We skied trails which took me down the hill in the 3:30 pm twilight. I was surprised and delighted that these weren’t lighted trails. The temperatures fell as I went down, and I could get no glide at all trying to skate ski ourselves out of the colder vale below. But even the trudge was fun. It has been two weeks since the weather was even zero-ish-balmy to do this.


The real gifts are not given, they are not earned, they are received. Life, health, attentiveness. The cold, the sweat, the shortest-day’s descent into darkness, little boy fast asleep in the chariot, head bobbing as I load him into his car seat later. How to learn to see real gifts, to frame life so that gifts can be seen, to open hearts to grace upon grace?


Last year when I couldn’t figure out what to give Marin, I fell back on the "twelve days of Christmas" strategy, which I think should be the norm for every family. The widely acclaimed "Christmas morning" strategy forces you to put everything under the tree, tear it all open, and be done with it. It requires a lot of front end loading, in secret, and the gifts need to be wrapped, that is, they must be physical things, toasters, books, electric ear-and-nose hair removers, stuff.


The "twelve days" strategy is different. It allows for rituals to continue, the daily sitting by the tree, the daily lighting of the candles, the daily singing holding hands, and the daily opening of the presents. And the presents can be gathered, created, and wrapped along the way, allowing almost two weeks of returning to the graced moment of giving and receiving. And the instead of "objects," 12 days allows for "subjects," experiences, promises, and such. Like promising to be the family movie-warrior, getting a family appropriate rental flick the third Friday of the month for the next 12 months, with a bottle of wine, a batch of popcorn, and a mid-movie backrub thrown in. Of course you have to remember it, put it on your calendar, but that beats standing in line at Walmart to buy a plastic and aluminum combo fondue set / deep fryer.


Now I’m showing my hand. This is a great strategy when you’re forty or sixty and you have everything. You cry: "Just what I needed!" Because I need to break into new experiences so I don’t get crotchety.
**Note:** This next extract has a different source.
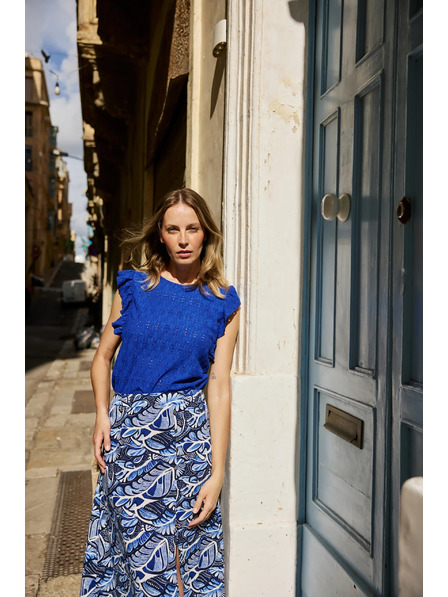 Moodo Fodros ujjú blúz kék Moodo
I need to frame what experiences are already open to me so I don’t lose the gift, the gratitude, the grace. "How did you know I needed just that?"
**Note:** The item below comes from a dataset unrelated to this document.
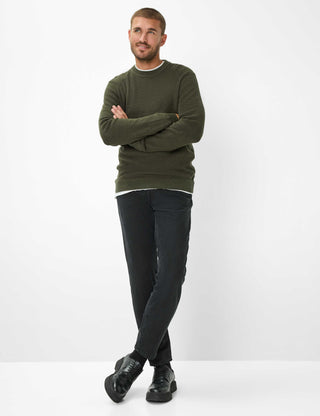 BRAX ROY Strickpullover Rundhals - Deep Moss Green - 70129300 21-2007-30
For the hilariously creative tale of a religion-blended family trying to negotiate the best of Christmas without the prevailing religious framing, read "Irving the Snowchicken is Coming to Town." (write me if this doesn't open, I'll send it. It's worth it!)

1 comment:

Rebecca Clack said...

Love the "movie warrior" idea, but I think Ray would opt for a foot rub! The kids usually gave "Christmas letters' or coupon books. One year, Rose made the mistake of giving Ray and "unlimited" foot rub coupon! The next Christmas, she was more specific in her coupon book!
Traditionally, we gave the children 3 gifts each year to honor the Wise Men: G(gold) was a garment; F (frankincense) was a "fun" gift; M (myrrh) was a "mind" gift. And, of course, we had small samples of each "real thing" tucked under the tree during the season.